Directions:
In the listing below, locate the line that contains "Burberry White Button-Down" and the line that contains "Vintage Hand Painted". Restate word for word those two lines and every line between them, and nothing else.

Task data:
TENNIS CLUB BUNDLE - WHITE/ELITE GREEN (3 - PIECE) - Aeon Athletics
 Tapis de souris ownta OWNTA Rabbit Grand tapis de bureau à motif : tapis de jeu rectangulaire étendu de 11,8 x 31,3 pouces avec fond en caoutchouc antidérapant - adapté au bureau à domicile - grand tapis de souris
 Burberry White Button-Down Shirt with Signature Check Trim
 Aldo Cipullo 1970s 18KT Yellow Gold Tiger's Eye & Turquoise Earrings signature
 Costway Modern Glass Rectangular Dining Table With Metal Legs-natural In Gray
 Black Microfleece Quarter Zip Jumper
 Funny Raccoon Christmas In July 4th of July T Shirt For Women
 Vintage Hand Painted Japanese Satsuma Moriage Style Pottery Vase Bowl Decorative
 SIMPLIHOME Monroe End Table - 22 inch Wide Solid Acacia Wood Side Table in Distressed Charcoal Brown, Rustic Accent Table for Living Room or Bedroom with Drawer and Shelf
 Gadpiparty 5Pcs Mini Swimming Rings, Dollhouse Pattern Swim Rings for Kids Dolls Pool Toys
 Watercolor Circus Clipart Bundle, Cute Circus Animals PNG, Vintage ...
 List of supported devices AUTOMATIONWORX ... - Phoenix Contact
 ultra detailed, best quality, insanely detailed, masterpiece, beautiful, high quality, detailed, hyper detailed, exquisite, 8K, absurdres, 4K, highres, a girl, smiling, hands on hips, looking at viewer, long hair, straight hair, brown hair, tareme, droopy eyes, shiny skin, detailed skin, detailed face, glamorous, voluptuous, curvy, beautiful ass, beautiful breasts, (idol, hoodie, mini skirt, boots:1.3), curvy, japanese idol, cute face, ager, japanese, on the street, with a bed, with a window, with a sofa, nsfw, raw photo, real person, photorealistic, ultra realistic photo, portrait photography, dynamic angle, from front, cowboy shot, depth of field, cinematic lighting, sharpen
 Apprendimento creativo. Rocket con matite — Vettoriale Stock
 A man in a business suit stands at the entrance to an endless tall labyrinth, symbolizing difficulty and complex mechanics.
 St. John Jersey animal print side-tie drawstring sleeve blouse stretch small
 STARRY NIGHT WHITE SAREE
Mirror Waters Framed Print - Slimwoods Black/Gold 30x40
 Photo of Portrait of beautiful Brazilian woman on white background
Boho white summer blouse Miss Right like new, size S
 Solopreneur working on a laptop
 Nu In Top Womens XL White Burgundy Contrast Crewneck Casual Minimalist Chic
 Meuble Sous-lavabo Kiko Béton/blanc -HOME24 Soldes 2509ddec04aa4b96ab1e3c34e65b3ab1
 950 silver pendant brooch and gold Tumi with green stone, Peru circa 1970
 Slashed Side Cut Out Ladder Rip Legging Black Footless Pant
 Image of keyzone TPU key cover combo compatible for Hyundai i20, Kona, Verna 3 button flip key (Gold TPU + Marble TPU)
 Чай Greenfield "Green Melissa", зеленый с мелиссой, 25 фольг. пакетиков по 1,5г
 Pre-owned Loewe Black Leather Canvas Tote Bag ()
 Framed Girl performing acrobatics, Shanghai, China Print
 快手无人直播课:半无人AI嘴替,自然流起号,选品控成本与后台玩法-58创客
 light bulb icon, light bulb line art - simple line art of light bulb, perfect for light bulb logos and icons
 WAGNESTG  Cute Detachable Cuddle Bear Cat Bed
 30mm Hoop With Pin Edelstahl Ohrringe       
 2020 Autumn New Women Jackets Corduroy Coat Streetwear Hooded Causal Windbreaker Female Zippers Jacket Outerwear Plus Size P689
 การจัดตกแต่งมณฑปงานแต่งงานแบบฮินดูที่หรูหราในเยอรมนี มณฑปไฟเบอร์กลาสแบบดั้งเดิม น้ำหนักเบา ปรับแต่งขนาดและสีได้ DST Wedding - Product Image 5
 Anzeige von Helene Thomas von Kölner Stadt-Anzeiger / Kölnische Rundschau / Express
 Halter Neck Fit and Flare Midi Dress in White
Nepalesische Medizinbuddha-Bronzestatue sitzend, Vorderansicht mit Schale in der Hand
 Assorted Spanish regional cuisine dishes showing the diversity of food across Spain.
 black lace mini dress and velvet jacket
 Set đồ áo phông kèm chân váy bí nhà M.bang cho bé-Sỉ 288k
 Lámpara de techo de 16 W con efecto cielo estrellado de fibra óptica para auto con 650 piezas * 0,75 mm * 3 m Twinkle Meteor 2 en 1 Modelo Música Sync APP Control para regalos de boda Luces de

Written answer:
 Burberry White Button-Down Shirt with Signature Check Trim
 Aldo Cipullo 1970s 18KT Yellow Gold Tiger's Eye & Turquoise Earrings signature
 Costway Modern Glass Rectangular Dining Table With Metal Legs-natural In Gray
 Black Microfleece Quarter Zip Jumper
 Funny Raccoon Christmas In July 4th of July T Shirt For Women
 Vintage Hand Painted Japanese Satsuma Moriage Style Pottery Vase Bowl Decorative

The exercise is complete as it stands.